REPUBLIKA.CO.ID, WASHINGTON -- Dalam banyak pemberitaan di media mengenai Islamic State of Iraq and Syria (ISIS), banyak di antaranya yang berfokus pada ribuan warga asing yang berhasil direkrut oleh ISIS.
Enam bulan terakhir, ISIS telah menarik lusinan kelompok dari Algeria sampai Pakistan ke dalam genggamannya. Hal ini sangat bertolak dengan pencapaian Alqaidah, di mana mereka butuh waktu 10 tahun untuk akhirnya bisa merekrut afiliasi pertamanya, Kelompok Jihad Mesir, pada 1998.
Perkembangan ISIS tak berhenti sampai di situ, The New York Times melaporkan dalam bulan ini salah satu kelompok militant terkejam di Mesir, Ansar Beit al-Maqdis (ABM), telah menyatakan kesediaanya untuk bernaung di bawah ISIS. Kelompok ABM itu sendiri dipercaya memiliki andil dalam serangan di sebuah pos pemeriksaan polisi dekat Gaza bulan lalu, di mana serangan itu menewaskan 30 tentara Mesir.
Analis Keamanan Nasional CNN Peter Bergen dan Rekan Peneliti di New America Emily Schneider membuat suatu kesimpulan terkait hal yang membuat ISIS dengan mudah menyebar di negara-negara Muslim. Ternyata, Bergen dan Schneider menemukan satu jawaban sederhana. Alasan ISIS dengan mudah menyebar di negara-negara Muslim adalah karena ISIS berjaya dan makmur.

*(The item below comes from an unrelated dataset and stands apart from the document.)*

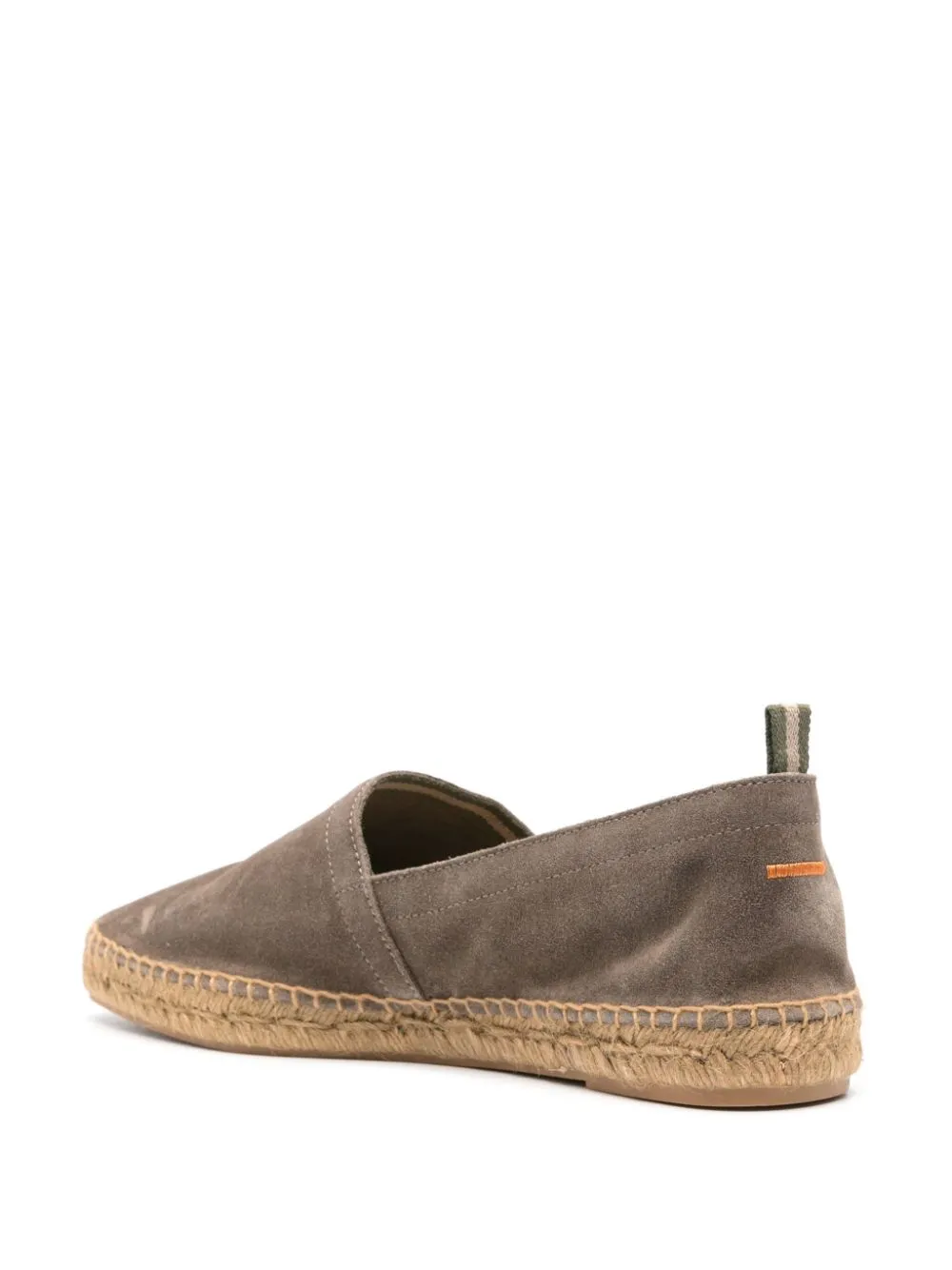 Castaner Pablo Espadrilles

Salah satu indikatornya ialah penguasaan ISIS di Iraq dan Suriah yang begitu meluas. ISIS kini memegang kontrol yang besar dalam struktur pemerintahan kedua negara tersebut. ISIS mengganti pejabat-pejabat lokal dengan gubernur-gubernur ISIS yang berkontribusi di layanan sosial.
ISIS juga telah menguasai kota-kota yang memegang peranan penting dalam infrastruktur negara, termasuk bendungan dan sumber minyak. Hal ini membuat ISIS memiliki sumber pendanaan dan penghasilan yang cukup besar.
Melihat hal ini, bekerjasama dengan ISIS menjadi hal dapat dimengerti jika dilihat dari perspektif ekonomi kelompok-kelompok yang telah menyatakan bergabung dengan ISIS, terutama untuk kelompok-kelompok militan yang lebih kecil yang beroperasi di Suriah dan Iraq.